Tabṣirah i anwār wa-tad̲h̲kirah i asrār i Saiyid al-abrār, a life of Muḥammad in seven maqālahs and a k̲h̲ātimah: Berlin 548 (slightly defective at end).

§ 252. Kamāl Allāh b. M. Pīr Siddīqī wrote in 1185/1771–2 his Tarjamat al-asrār, a history of Muḥammad and the early Caliphs, followed by chronograms for the dates of saints, chapters on the duties of a Muslim, eschatology etc.: Būhār 32 (19th cent.), Ivanow 2nd Suppt. 995 (mid 19th cent.).

§ 253. M. ʿAlī K̲h̲ān Anṣārī, the author of the Baḥr al-mawwāj, a general history, and of the Tārīk̲h̲ i Muẓaffarī, a history of the Indian Tīmūrids) (for whom see p. 112), composed in 1208/1793–4 his

Tālīf i Muḥammadī, on the Prophets, the first four Caliphs, the Twelve Imāms and other learned and pious persons to the author’s time, in five baḥrs subdivided into maujs: Berlin 426.

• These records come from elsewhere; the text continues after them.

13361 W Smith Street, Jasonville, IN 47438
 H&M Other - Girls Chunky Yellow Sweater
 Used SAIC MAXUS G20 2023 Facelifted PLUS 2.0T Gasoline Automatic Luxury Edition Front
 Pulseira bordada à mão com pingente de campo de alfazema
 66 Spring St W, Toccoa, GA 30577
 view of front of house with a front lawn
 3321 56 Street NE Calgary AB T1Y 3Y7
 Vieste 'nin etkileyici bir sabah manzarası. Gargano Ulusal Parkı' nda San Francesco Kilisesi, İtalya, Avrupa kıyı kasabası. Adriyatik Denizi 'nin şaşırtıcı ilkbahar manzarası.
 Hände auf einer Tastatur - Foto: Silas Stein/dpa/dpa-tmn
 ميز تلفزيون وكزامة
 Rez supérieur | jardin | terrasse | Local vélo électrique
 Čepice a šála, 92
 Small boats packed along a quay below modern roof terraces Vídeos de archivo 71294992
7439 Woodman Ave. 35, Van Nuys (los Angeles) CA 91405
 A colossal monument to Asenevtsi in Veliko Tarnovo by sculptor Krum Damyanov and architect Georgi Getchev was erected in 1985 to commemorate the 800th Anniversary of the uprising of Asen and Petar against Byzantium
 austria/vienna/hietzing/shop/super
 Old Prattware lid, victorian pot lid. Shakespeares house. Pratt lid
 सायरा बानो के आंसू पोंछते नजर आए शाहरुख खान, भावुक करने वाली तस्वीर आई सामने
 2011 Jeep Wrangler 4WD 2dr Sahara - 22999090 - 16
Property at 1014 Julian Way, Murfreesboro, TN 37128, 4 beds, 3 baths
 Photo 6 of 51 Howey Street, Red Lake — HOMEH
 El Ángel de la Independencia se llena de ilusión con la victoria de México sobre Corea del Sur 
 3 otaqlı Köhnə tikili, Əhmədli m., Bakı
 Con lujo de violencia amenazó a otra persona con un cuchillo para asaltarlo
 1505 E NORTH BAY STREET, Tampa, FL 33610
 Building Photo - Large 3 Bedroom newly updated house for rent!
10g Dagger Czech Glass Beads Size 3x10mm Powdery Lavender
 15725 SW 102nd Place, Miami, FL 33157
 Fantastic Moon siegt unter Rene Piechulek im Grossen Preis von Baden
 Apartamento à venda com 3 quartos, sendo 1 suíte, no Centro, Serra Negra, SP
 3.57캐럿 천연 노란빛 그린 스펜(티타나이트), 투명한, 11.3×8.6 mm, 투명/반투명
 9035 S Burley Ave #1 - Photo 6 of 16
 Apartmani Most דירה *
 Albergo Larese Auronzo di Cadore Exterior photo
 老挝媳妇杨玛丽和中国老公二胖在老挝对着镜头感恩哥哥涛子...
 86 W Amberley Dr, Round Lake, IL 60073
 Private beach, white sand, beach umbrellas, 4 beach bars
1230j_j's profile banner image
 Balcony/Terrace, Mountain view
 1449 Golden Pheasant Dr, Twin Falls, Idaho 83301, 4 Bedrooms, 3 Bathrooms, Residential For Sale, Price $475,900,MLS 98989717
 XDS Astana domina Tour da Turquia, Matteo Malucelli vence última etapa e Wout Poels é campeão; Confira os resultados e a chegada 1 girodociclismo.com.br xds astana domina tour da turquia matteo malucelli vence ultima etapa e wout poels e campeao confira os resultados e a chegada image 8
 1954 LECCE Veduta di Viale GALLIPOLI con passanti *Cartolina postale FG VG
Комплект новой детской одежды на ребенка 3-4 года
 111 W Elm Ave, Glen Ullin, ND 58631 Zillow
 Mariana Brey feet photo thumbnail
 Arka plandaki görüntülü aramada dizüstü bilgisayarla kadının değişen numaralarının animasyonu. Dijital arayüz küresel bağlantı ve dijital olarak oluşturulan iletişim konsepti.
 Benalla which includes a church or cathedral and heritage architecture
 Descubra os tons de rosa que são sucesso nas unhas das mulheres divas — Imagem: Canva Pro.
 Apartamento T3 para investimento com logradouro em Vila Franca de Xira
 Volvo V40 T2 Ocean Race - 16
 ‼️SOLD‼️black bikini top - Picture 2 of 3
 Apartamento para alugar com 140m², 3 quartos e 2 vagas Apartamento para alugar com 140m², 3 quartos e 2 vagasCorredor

§ 254. S.M. Abū Turāb b. S. Aḥmad Riḍawī wrote in 1221/1806 at Mir ʿĀlam’s request the Quṭb-numā i ʿālam (see Ethé 2840), which is virtually identical with the Ḥadīqat al-ʿālam (cf. Rieu i 324b).

Farḥat al-ʿālam, a life of Muḥammad (?):35 Āṣafīyah ii p. 880 no. 133 (ah 1221/1806, described as a printed edition but probably a ms.).

§ 255. M. Wāsiʿ wrote in the time of M. Akbar s̲h̲āh (i.e. the Indian Tīmūrid Akbar ii, reigned 1221/1806–1253/1837).

Durr i bī-bahā, an ornate history of Muḥammad and his first two successors: Berlin 559 (ah 1230/1815).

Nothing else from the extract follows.